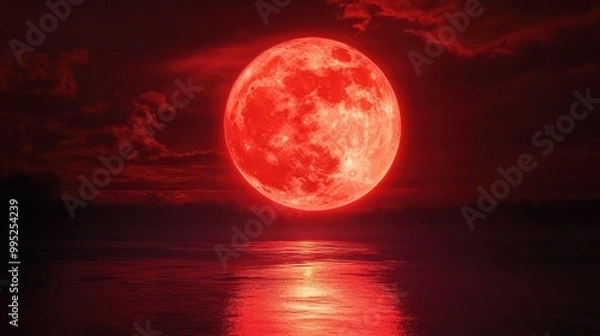 Fototapeta red full moon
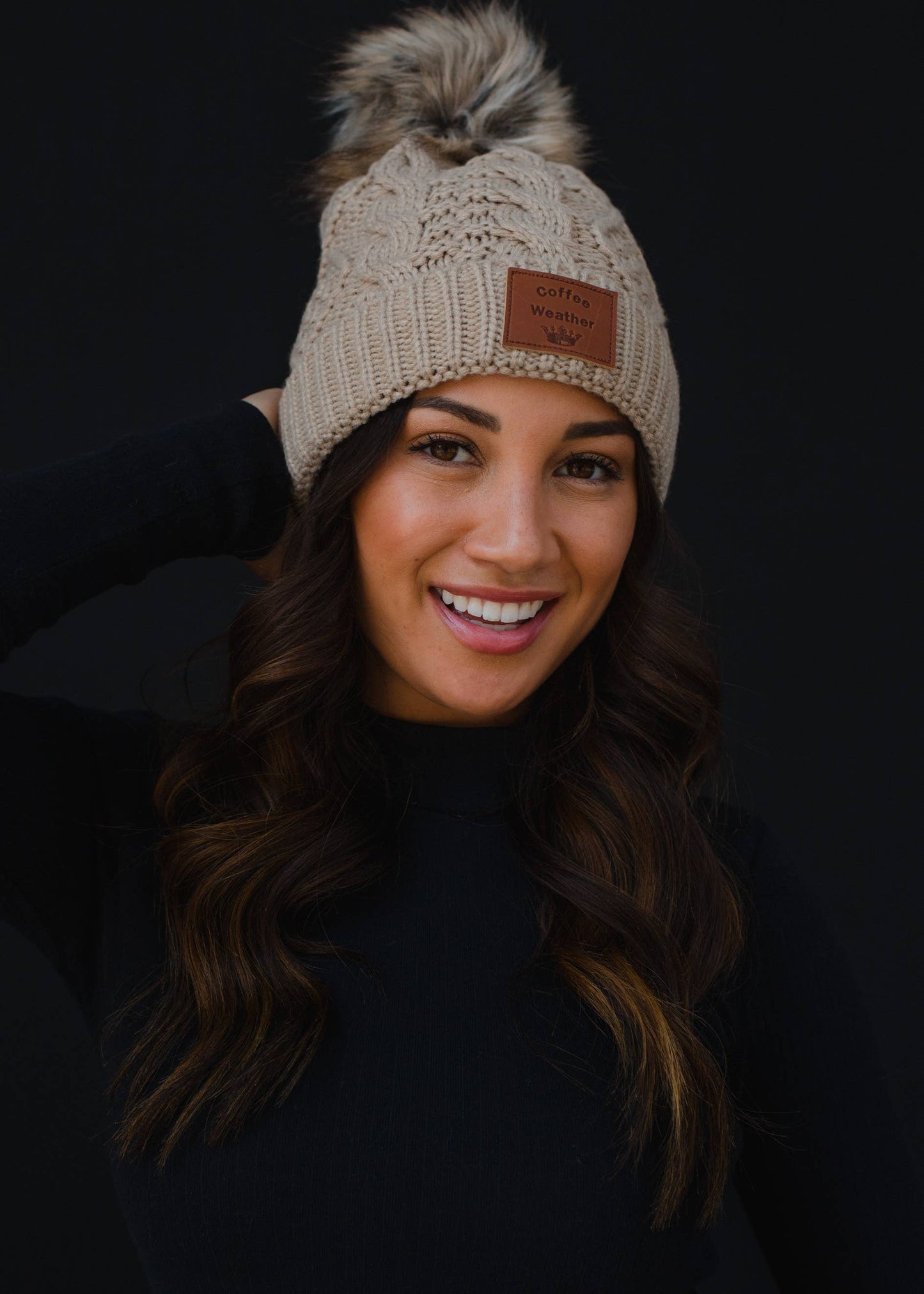 Tan Cable Knit Pom Hat w/ Coffee Weather Patch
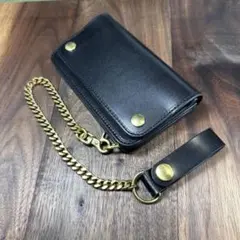 ⑵ トラッカーウォレット シルバー 栃木レザー ミドルサイズ アポロ
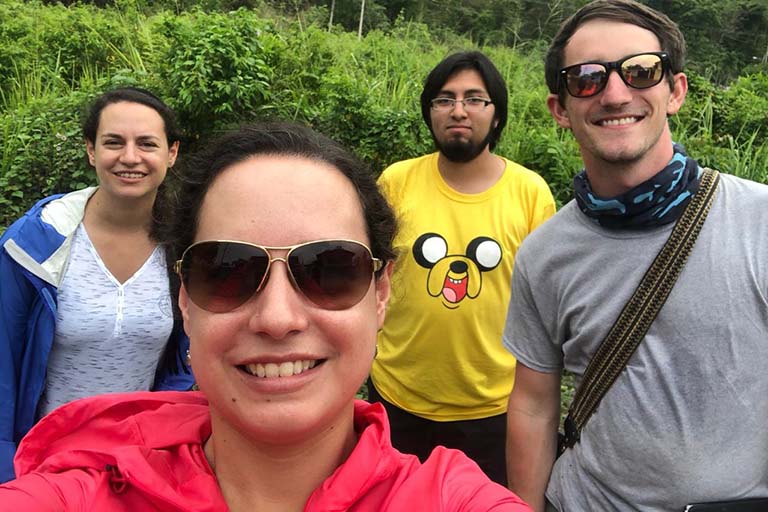 Gibson and research colleagues in the field (from left to right):  Gabriella Pozo, Maria Jose Pozo, Diego Urquia, and Matt Gibson.  Taken in Esmeraldas, Ecuador.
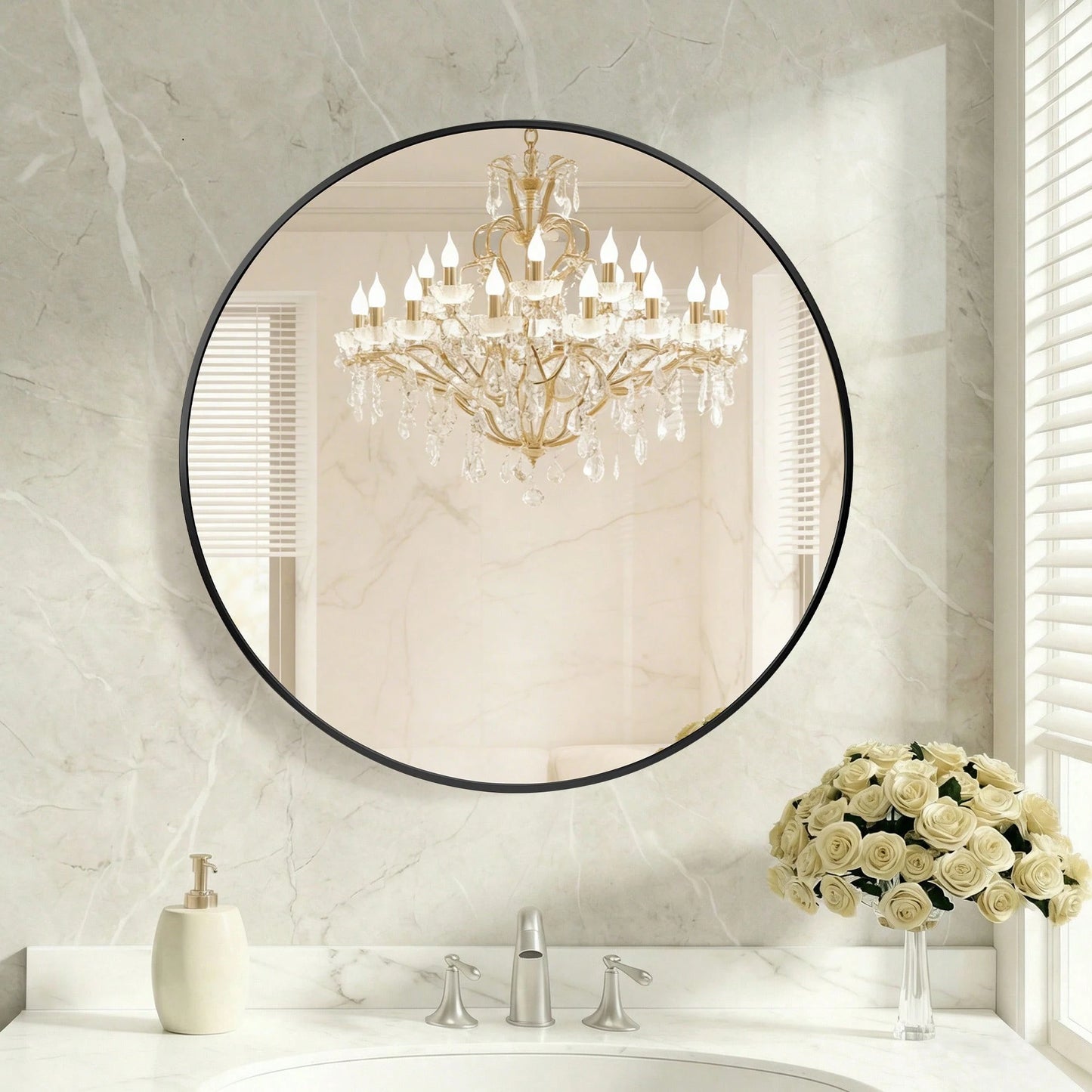 Sweetcrispy Wall Round Mirror With Crystal Clear Reflection, Convenient Hanging Hooks, And Premium Aluminum Alloy Construction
--------------------
(What to produce) An exact repeat of the listing above, pictures excluded, is the answer.

(Task output)
 Fototapeta red full moon
 Tan Cable Knit Pom Hat w/ Coffee Weather Patch
 ⑵ トラッカーウォレット シルバー 栃木レザー ミドルサイズ アポロ
 Gibson and research colleagues in the field (from left to right):  Gabriella Pozo, Maria Jose Pozo, Diego Urquia, and Matt Gibson.  Taken in Esmeraldas, Ecuador.
 Sweetcrispy Wall Round Mirror With Crystal Clear Reflection, Convenient Hanging Hooks, And Premium Aluminum Alloy Construction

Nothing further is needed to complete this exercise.